USDTRY kurunda Ocak ayı 13'lü seviyelerde geçti. Aylık bazda fiyat değişim oranı %1'in altında. Önce 13,80'lerde olan fiyatlama Ocak'ta 13,50'li seviyelere geriledi dün ve bugün ise 13,30'lu seviyelerden geçiyor işlemler. 18,40 sonrası bu seviyeler elbette düşük görünüyor fakat bundan tam bir yıl önce kur 6,89 seviyesindeydi. Son bir yıldaki bu rekor yükselişin ardından bugünkü seviyeler için kur düştü demek asla doğru olmaz. Ama kurdaki oynaklığın azalmış olması elbette pozitif bir durum.
Bugün açıklanan ilk veriler Ocak ayının iyi geçmediğini gösteriyor. İmalat PMI 50,0 büyüme eşiği üzerinde ama son 8 ayın en düşük seviyesine geriledi.
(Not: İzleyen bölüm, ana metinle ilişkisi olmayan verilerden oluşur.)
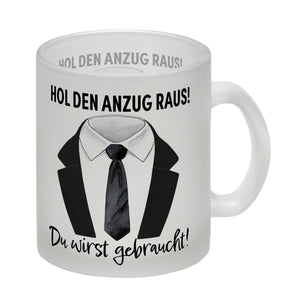 Trauzeuge Kaffeebecher mit Spruch Hol den Anzug raus Du wirst gebraucht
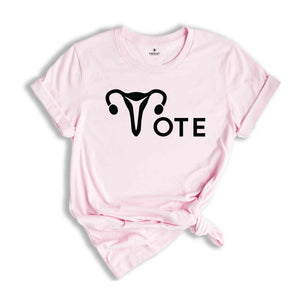 Vote Shirt, Reproductive Rights Shirt, Feminist Shirt, Political Shirt, Activism Shirt, Election Shirt, LGBTQ Vote Shirt, Pride Shirt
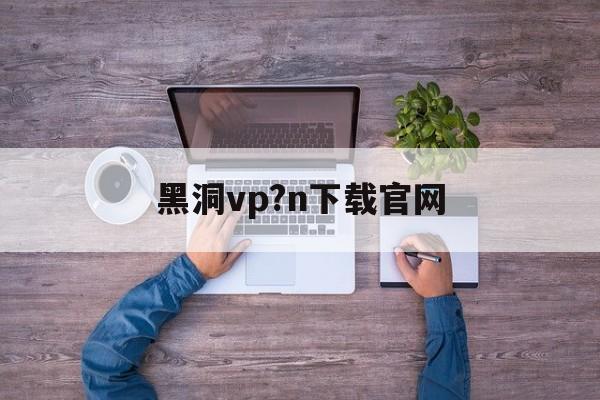 黑洞vp?n下载官网_每天试用一小时vp加速器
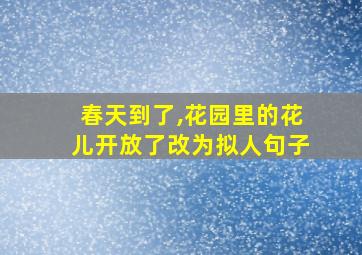 春天到了,花园里的花儿开放了改为拟人句子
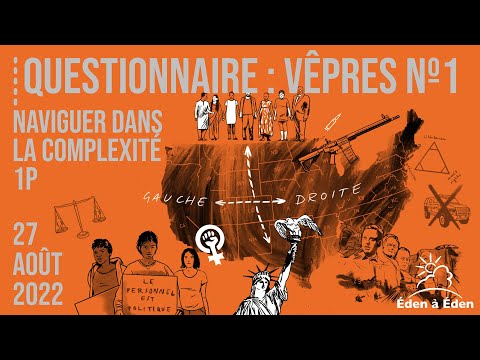 2022 Août Questionnaire Vêpres : 1. CME - Naviguer dans la complexité 1P - 27/08/2022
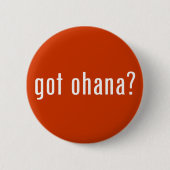 got ohana? button (Vorderseite)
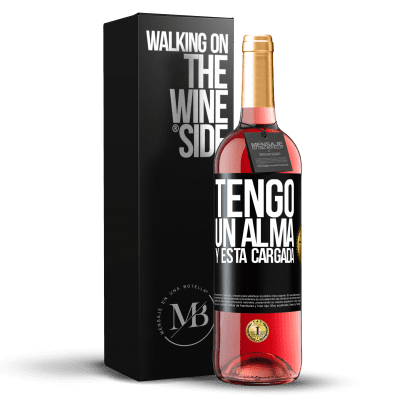 «Tengo un alma y está cargada» Edición ROSÉ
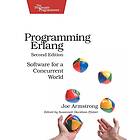 Joe Armstrong: Programming Erlang 2nd Edition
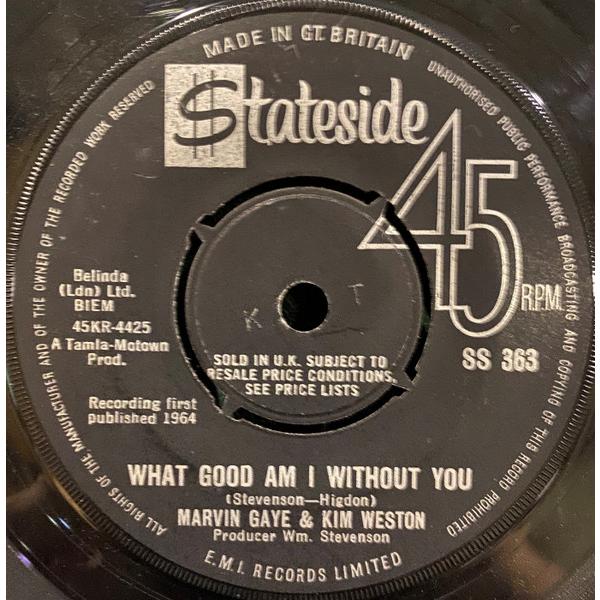 7” Marvin Gaye &amp; Kim Weston What Good Am I Without...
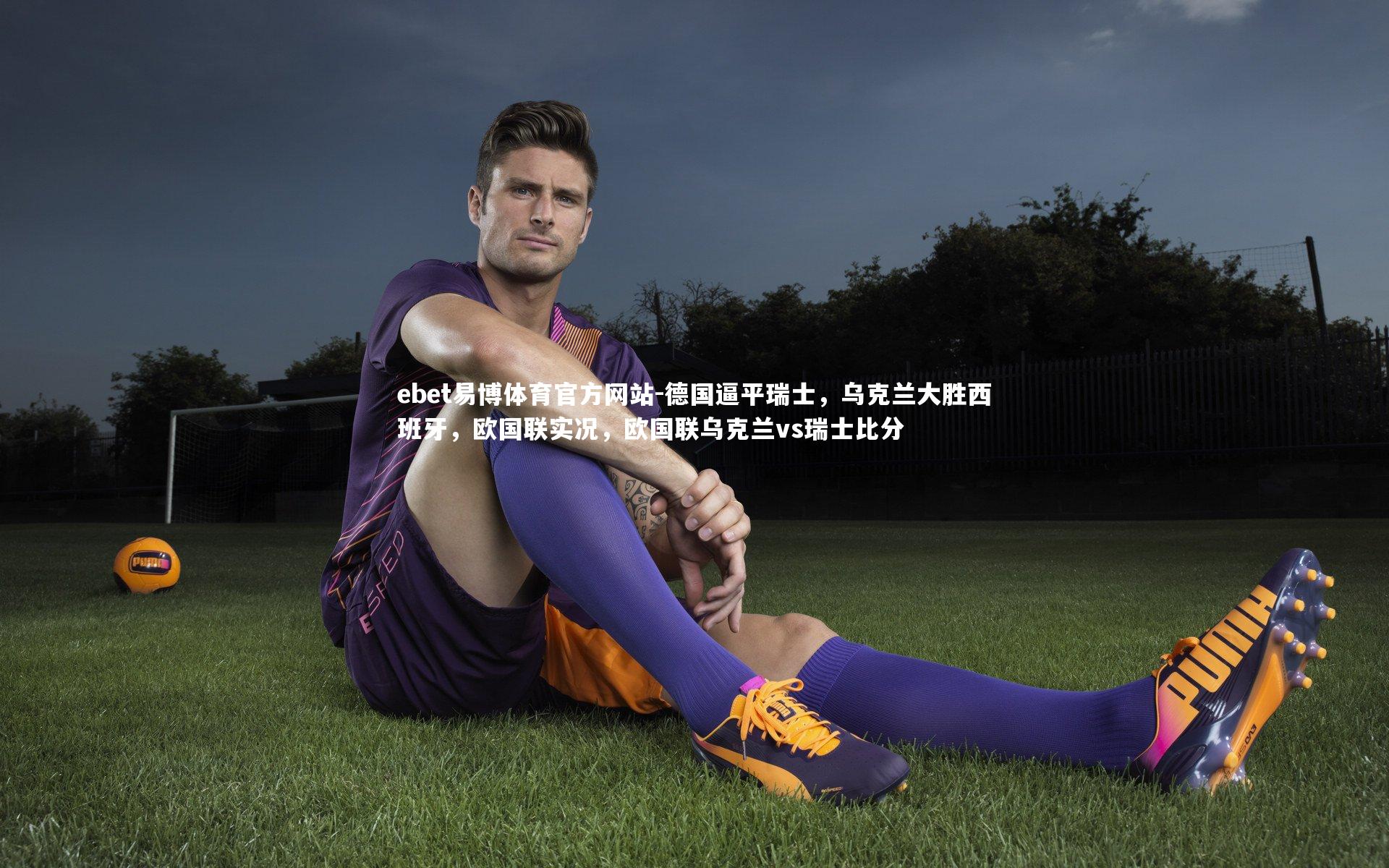 ebet易博体育官方网站-德国逼平瑞士,乌克兰大胜西班牙,欧国联实况,欧国联乌克兰vs瑞士比分-第2张图片-ebet易博体育官方网站 ebet易博体育官方网站-德国逼平瑞士,乌克兰大胜西班牙,欧国联实况,欧国联乌克兰vs瑞士比分-第2张图片-ebet易博体育官方网站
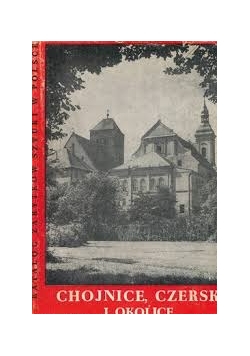 Katalog zabytków w Polsce. Chojnice, Czersk i okolice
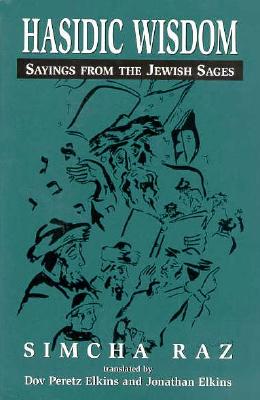 Hasidic Wisdom: Sayings from the Jewish Sages - Raz, Simcha, and Elkins, Dov Peretz (Translated by), and Elkins, Jonathan (Translated by)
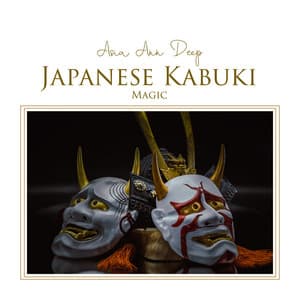 Japanese Kabuki Magic - Asia Ann Deep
Enflasyon ve kur sektördeki daralmanın ana nedeni. Aynı neden ülke ekonomisi için de geçerli zaten. İstanbul'da fiyatlar son bir yılda %51'e yakın arttı. Ülke genelinde de enflasyonun resmi olarak %45'i geçmesi bekleniyor ki bu oran enflasyonun kontrol edilemediği sınırını da aşan enflasyonun çığ gibi büyümeye başlayan bir sorun olduğunu gösteriyor. Dövizde oynaklık düşük yani bu dönemde dövize geçildiğinde kısa vadeli bir getirisi yok ama reel faizin kaybını gördüğümüzde TL'nin de cazip olmadığı ortaya çıkıyor.
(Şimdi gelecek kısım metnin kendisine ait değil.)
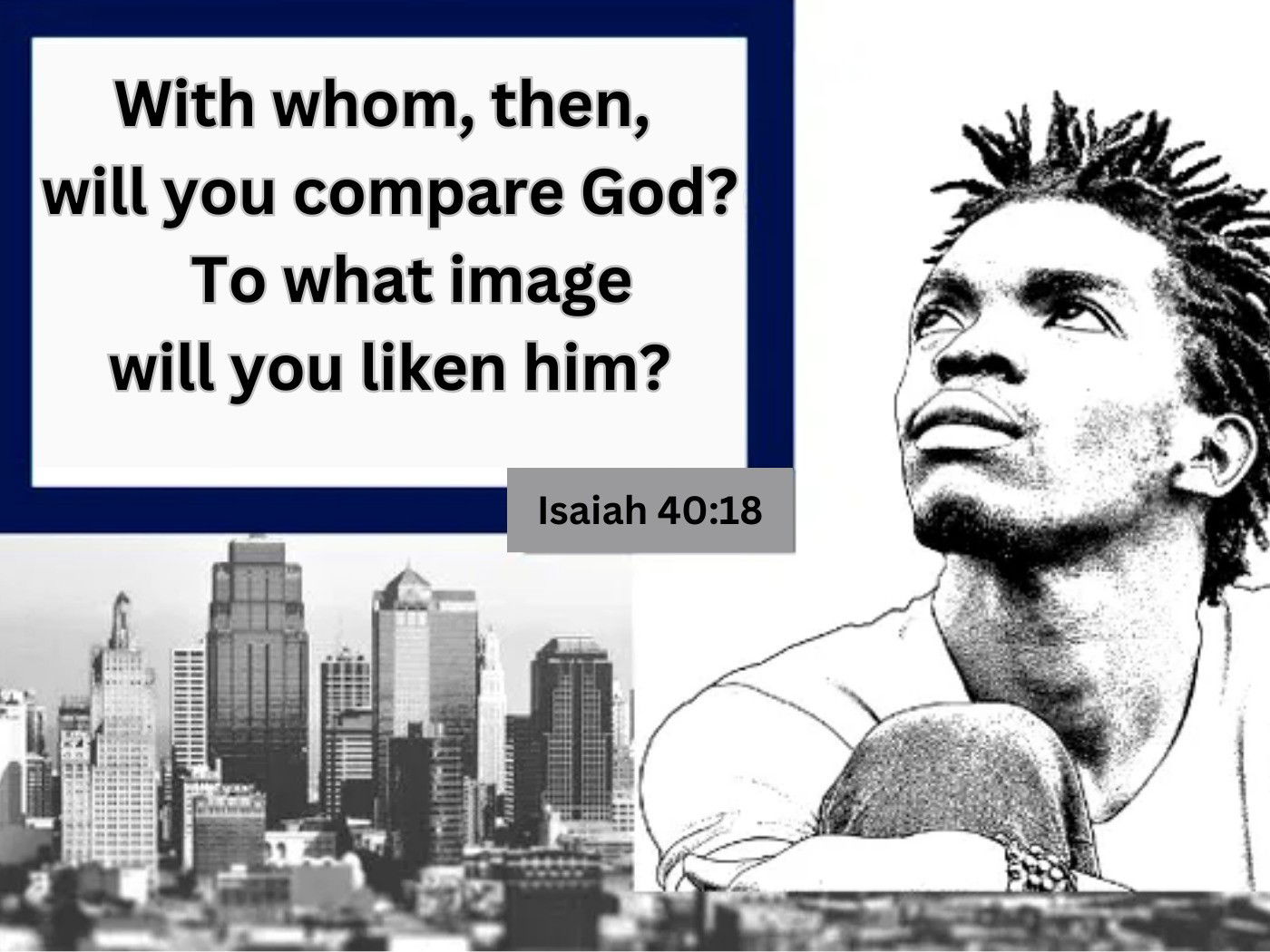 With whom, then, will you compare God? To what image will you liken him? - Isaiah 40:18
Ocak'ta faiz %14 enflasyon %36 idi. Şubat'ta faiz indirilir mi bilinmez ama artırılmayacağı kesin, çünkü bu olasılık bu dönemde rafa kaldırılmış durumda. Faizin %14 olarak sabit tutulduğunu varsayarsak enflasyon %45'i aştığında TL'nin kaybı da günbegün artıyor. Önce kur etkisi, ardından da enflasyon etkisiyle TL'de tercih edilme şansı zayıfladığı için aradaki farkı veren mevduat planları hazırlandı. Bu uygulamalara rağbet olsa dahi döviz mevduatlarının ağırlığında azalma olmaması kötü. Toplam mevduatlar içinde dövizin payı %60'ın üzerinde.
Dolar kurunda Aralık müdahalesinde de şimdiki hareketlerde de 14 seviyesi istenmiyor. Bununla beraber 10'a yakın seviyelerin de rekabetçi olacağı düşünülüyor. Fakat bu seviyelerin kısa sürede hızla aşılması ve şimdi de o kısa süreli hareketin uzun süreli enflasyonunu yaşarken ihracatçılar için artık bu seviyeler rekabetçi olmamakla beraber zarar edilen seviyeler haline geldi. Ekonomi kanadı Mart sonunu bekliyor, değerlendirme yapacak ona göre yılın devamı için karar alacak. Piyasalar da bu nedenle şimdilik beklemede, fakat göstergelerde zayıflama olması belirsizliğin de yüksek olduğunun işareti.